Two Modes of Wanting
An enlightening distinction made by some languages is between two different forms of “wanting” things. In English, we use the same term to convey both varieties. However, they represent distinct neurological states:
Wanting (a) refers to craving continuation or permanence of positive conditions and experiences. It manifests as ambition, greed, lust, attachment, or addiction. There is an insatiable quality, where fulfillment is always contingent on something not yet obtained. This ties your happiness to external conditions and goals not under your control in the present.
Wanting (b) means embracing and appreciating the positive elements of your reality in the moment, without requiring them to persist indefinitely. Think of deeply savoring an ice cream cone without any expectation or need to continue eating it forever. Or admiring a beautiful sunset without wishing it would never end. No attachment to continuity – simply gratitude for the gift of this ephemeral experience.

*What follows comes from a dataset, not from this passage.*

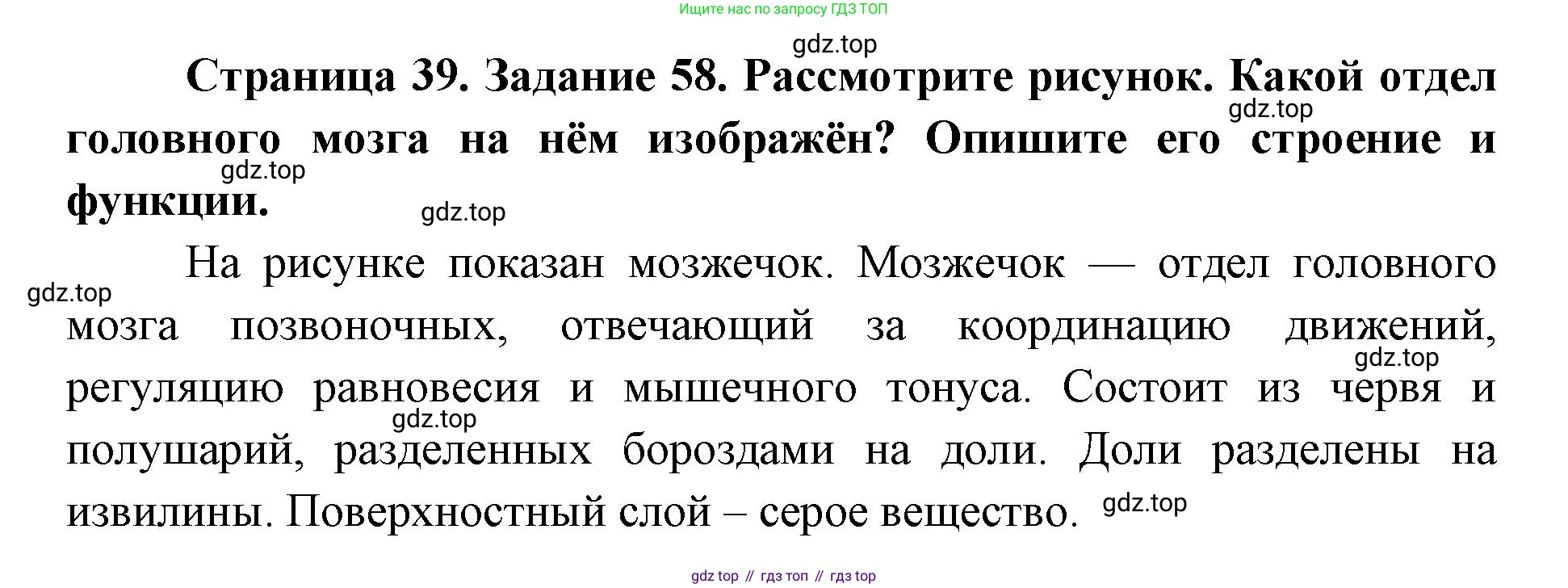 ГДЗ Биология, 8 класс рабочая тетрадь, авторы: Сонин Николай Иванович, Агафонова Инна Борисовна, издательство Просвещение, Москва, 2021, белого цвета, страница 39, номер 58, Решение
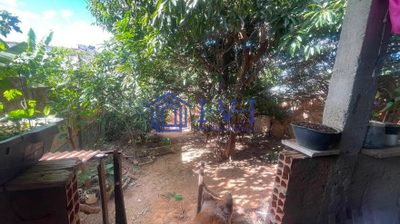 Casa, 3 quartos, 330 m² - Foto 2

Practicing Intentional Wanting
Wanting (a) has its place in moderation. Ambition provides forward momentum and drive. But problems arise when Wanting (a) becomes excessive and grids out Wanting (b). Every positive experience gets taken for granted or leaves you needing more.
Companies often leverage Wanting (b) during strategy sessions. Teams accept current weaknesses in the business to diagnose issues before working to change course. But individuals have difficulty applying Wanting (b) to appreciate life conditions in the present.
The next article will explore daily practices that strengthen your capacity for Wanting (b). This helps short-circuit the dissatisfaction loop of unending ambition and anchors you in gratitude. By consciously focusing Wanting (a) only on select priorities, you gain control over your happiness. Your contentment then stems from within, not hostage to external conditions. This inner footing provides the stable base to sustainably grow and evolve.